I believe deduplication only works when you and me upload the exact same file. I could be wrong, but that’s how I understand it.

yeah there have been some good discussions on it, i’d reccomend checkin’ em out :smile:

Yeah, I realize I don’t know much about it, maybe I should just go head to bed. I’ll read on it tomorrow.

I just reread my last comment, and I hope I don’t sound disrespectful.

I’m just looking for an unusually specific answer here, mate

but thanks!

1 Like

Didn’t sound disrespectful at all. I just really thought I understood what exactly deduplication was. I thought that all chunks of a file were scrambled with the hash of the file, changing just one bit would radically change the hash and then it would change the chunk once encrypted.

Some more reading to do, I guess you can’t figure out 7 years of a man work in two weeks :slight_smile:

1 Like

Yeah I’m definitely not 100% on it all either,

I just remember reading de-duplication happens on the chunk level, so I just assumed data-ownership happens there as well.

It’s the only way I can imagine everything working.

It’s about the whole ‘content producer’ part of the network, which I think is still being worked out anyway.

So maybe there’s no answer yet.

Just hoped to know :slight_smile:

It does. The thing is though, if you change a small thing in what becomes the first chunk, and that changes how the rest of the file is divided (chunked), the chunks all hash out differently. As I recall, the chunks are stored according to their hash, so they’d all change.

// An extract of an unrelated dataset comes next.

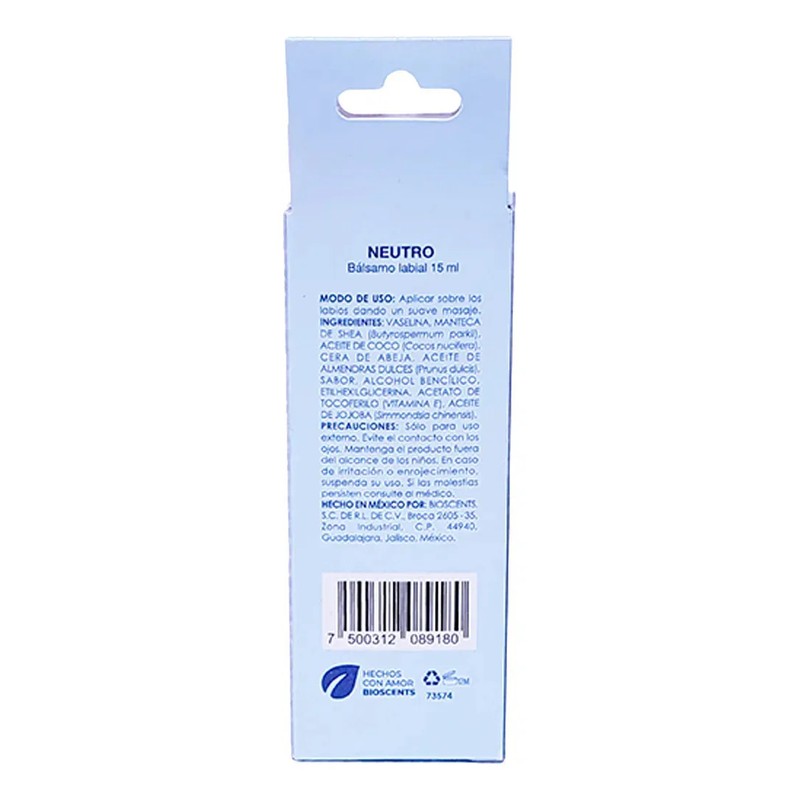 Bálsamo Labial Neutro Bioscents 15ml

If your file change doesn’t affect how the file breaks up, the change will only affect that chunk and the one that it is used to hash. So you’d retain most of the dedup but loose some of it.

Anyway, that’s my understanding of it.

2 Likes

There are two separate questions in this thread: (1) the de-duplication process, and (2) recognizing files for payment.

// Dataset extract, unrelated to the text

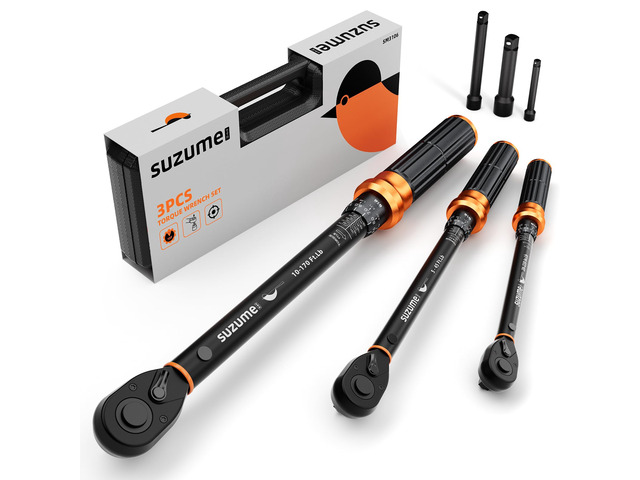 Torque Wrench Set 1/2 3/8 1/4 Inch Drive Click ±3% Accuracy 10170 Ft. lb, 545 Ft. lb, 20220 In. lb, Dual-Direction, 3 Extension Bars Dual-Scale for...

Files less than 1KB are currently stored in the DataMap itself (so with the directory metadata), and as such are not de-duplicated. Files larger than 1KB are split into a minimum of 3 chunks, where each chunk has a maximum size of 1MB. The encryption keys for each chunk are the unencrypted hashes of the prior two chunks (with modulus).

If a single bit was flipped on a file larger than 1KB, at minimum 3 chunks are changing due to the encryption process. So in a 100GB, if one bit was changed, 3MB of data are definitely uploaded, and the rest may be uploaded (when uploading occurs is whole other discussion). The user will only need enough SafeCoin for storing 3MB of data.

However, as @fergish mentioned, if bit(s) were removed or added to the first chunk, then it will likely change all of the chunks. This is not guaranteed though, because patterns in data could leave some chunks identical.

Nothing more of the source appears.